Schiff labeled Ethereum charts the worst among all other benchmarks based on the gold-based technical analysis. The ratio strongly rejects expected support levels, backing up future price projection forecasts for continued decline. This indicates that Ethereum has minimal actual value in digital marketplaces.
All price indexes show declining values for Ethereum, which indicates a fundamental technical problem with its underlying system. According to Schiff, the current market trend of Ethereum matches past breakdowns, which led to subsequent price decreases.
The continuing price weakness between Ethereum and digital and traditional assets could result in significant depreciation for Ethereum.
ETH Struggles Below Key Support Levels
The 24-hour price movement of Ethereum demonstrates its current value of $1,556.3, a 1.45% decline since yesterday. Ethereum tokens rallied to $1,636.7 throughout this period before falling to $1,411.2. Market instability demonstrates bearish dominance because Ethereum cannot maintain its basic short-term price support.

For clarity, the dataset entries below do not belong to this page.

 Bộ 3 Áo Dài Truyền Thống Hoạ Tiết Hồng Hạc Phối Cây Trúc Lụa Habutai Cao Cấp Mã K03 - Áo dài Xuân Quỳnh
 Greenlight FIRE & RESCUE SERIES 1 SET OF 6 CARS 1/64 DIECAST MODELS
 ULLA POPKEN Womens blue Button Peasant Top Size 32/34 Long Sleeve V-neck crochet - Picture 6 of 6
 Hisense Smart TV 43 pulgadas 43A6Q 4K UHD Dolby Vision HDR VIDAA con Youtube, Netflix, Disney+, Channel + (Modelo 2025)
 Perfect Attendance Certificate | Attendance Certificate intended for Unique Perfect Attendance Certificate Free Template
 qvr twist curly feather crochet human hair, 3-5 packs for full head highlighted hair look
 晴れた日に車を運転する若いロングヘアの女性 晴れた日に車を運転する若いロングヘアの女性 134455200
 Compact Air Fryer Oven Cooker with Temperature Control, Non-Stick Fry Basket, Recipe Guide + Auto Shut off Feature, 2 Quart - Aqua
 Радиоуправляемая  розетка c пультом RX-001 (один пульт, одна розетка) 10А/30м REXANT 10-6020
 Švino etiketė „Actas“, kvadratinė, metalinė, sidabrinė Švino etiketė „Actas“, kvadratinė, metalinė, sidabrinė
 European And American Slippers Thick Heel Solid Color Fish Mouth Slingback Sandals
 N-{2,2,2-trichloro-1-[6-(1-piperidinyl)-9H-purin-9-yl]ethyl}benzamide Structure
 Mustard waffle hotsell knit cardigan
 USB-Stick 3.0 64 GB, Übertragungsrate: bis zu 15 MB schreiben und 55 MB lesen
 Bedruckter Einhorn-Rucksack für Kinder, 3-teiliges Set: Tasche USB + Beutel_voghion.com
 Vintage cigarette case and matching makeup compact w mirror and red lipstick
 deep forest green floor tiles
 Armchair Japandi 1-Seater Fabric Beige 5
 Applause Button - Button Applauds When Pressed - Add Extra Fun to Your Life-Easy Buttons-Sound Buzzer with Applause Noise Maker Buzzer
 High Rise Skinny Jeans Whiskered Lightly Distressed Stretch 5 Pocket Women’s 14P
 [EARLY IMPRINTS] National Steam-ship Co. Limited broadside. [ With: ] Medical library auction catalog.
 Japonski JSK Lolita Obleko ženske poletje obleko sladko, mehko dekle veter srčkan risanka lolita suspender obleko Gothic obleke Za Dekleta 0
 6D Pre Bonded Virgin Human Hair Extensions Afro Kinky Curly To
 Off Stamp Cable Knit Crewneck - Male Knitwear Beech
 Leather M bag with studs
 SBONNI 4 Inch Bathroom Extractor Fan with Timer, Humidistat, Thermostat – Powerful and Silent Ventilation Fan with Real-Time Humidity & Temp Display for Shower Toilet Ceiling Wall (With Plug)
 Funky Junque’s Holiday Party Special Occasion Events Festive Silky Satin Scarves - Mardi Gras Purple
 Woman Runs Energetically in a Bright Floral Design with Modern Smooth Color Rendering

Ethereum has experienced a continuous price decline since March 2025, giving up consecutive important support levels. The asset is currently at levels beneath the major exponential moving averages. That indicates sustained negative market sentiments for the long term.
Ethereum’s current price position shows deep weakness. That’s because it rests far below all four exponential moving averages, which stay at elevated levels.
Technical indicators validate negative readings because Ethereum is in an oversold region at a Relative Strength Index (RSI) value of 27.40. The average measured by RSI is 37.49, which indicates that brief-term market energy remains inadequate.
Even though Ethereum remains in an oversold condition, no definitive indications of a market rebound have been established.

The MACD indicator indicates that additional price decline risks persist because it shows an expanding difference between its MACD and Signal lines. The MACD line shows -123.9, and the Signal line shows -106.0 to indicate higher bearish divergence patterns.
Market data, through a histogram, reveals extensive selling pressure at -18.0, thus demonstrating the absence of a bullish trend.